In 1891, then-Representative Henry Cabot Lodge (R-MA) expressed similar worries about the wave of immigration that brought Representative Tancredo's grandparents from Italy to the United States. He warned "that immigration to this country is increasing and…is making its greatest relative increase from races most alien to the body of the American people and from the lowest and most illiterate classes among those races." He was speaking principally of the Italians, but also the Russians, Poles and Hungarians. He observed that these immigrants, "half of whom have no occupation and most of whom represent the rudest form of labor," are "people whom it is very difficult to assimilate and do not promise well for the standard of civilization in the United States."
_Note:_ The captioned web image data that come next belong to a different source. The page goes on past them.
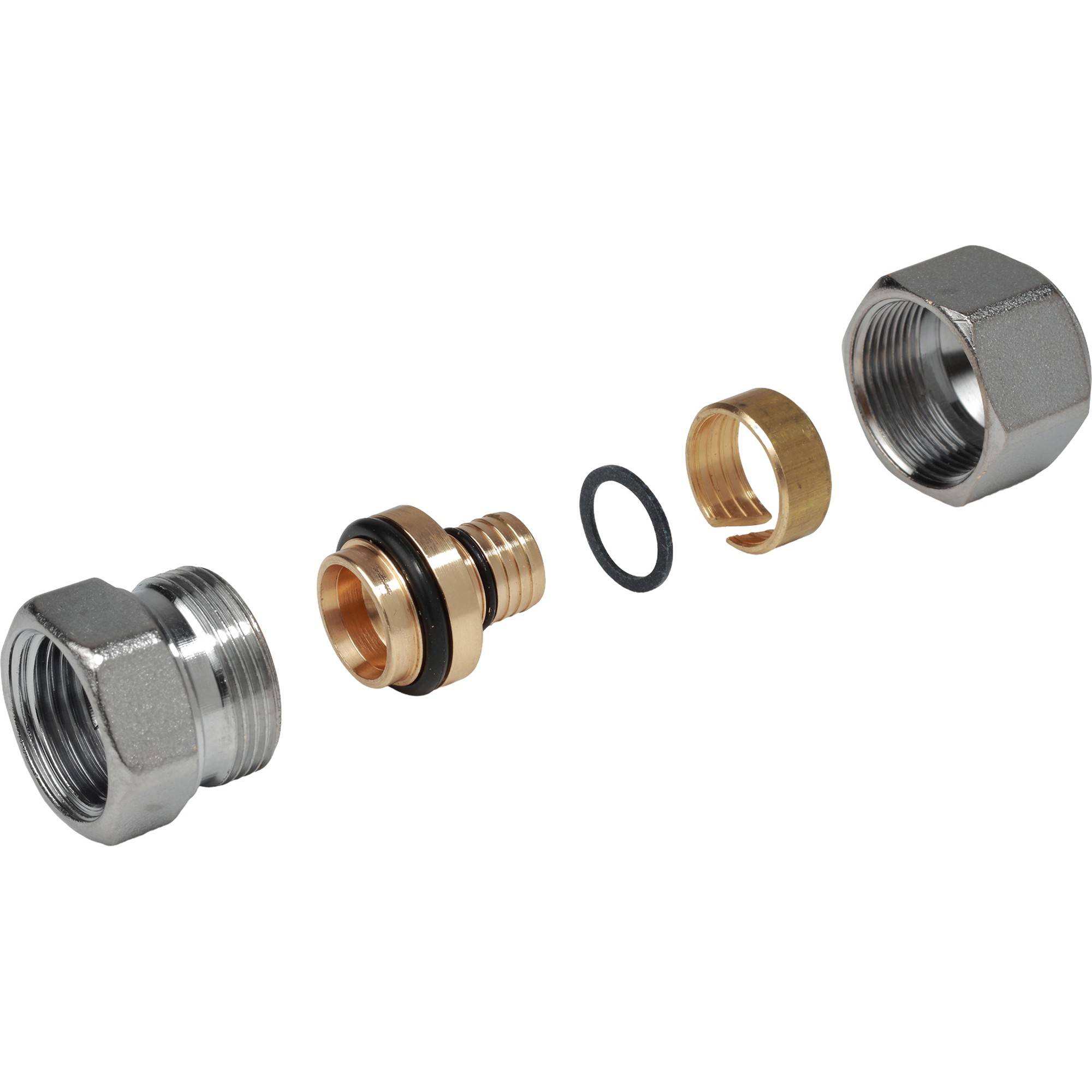 Фитинг прямой Giacomini 1 ВР x 32x3 мм R187FX126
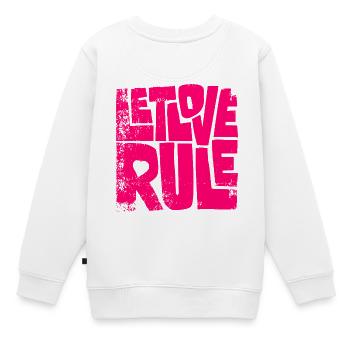 Toile - Sweat Premium enfant bio - blanc - Dos - AI Model Kid Male (0cm)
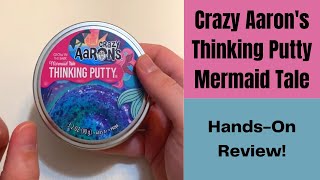 Crazy Aaron's Thinking Putty Mermaid Tale - Glow in the Dark Putty!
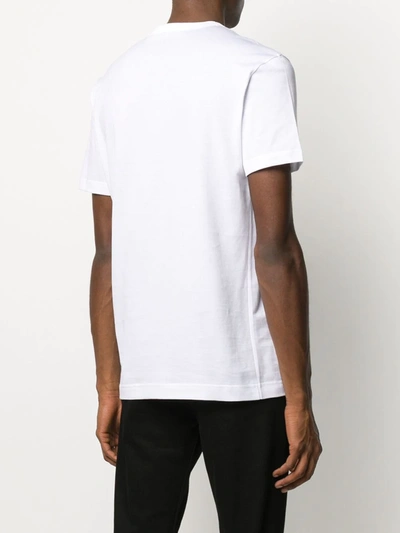Shop Dolce & Gabbana Heraldic-patch Cotton T-shirt In White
Lodge complained that many of them "have no money at all. They land in this country without a cent in their pockets." Of the Italians in particular he objected that many "stay but a short time in the United States" in order to "then return to their native country with such money as they have been able to save here." He warned that these sorts of immigrants, "who come to the United States, reduce the rate of wages by ruinous competition, and then take their savings out of the country, are not desirable. They are mere birds of passage. They form an element in the population which regards home as a foreign country, instead of that in which they live and earn money. They have no interest or stake in the country, and they never become American citizens."

Lodge was wrong of course.  Italians did wonderfully well.  In fact, the grandson of two of them grew up to be a modern-day Henry Cabot Lodge.  Perhaps next century, a grandson or granddaughter of today's Mexican immigrants will grow up to become a leading voice against the next wave of immigrants, too—the next Tom Tancredo.  It's the American Dream!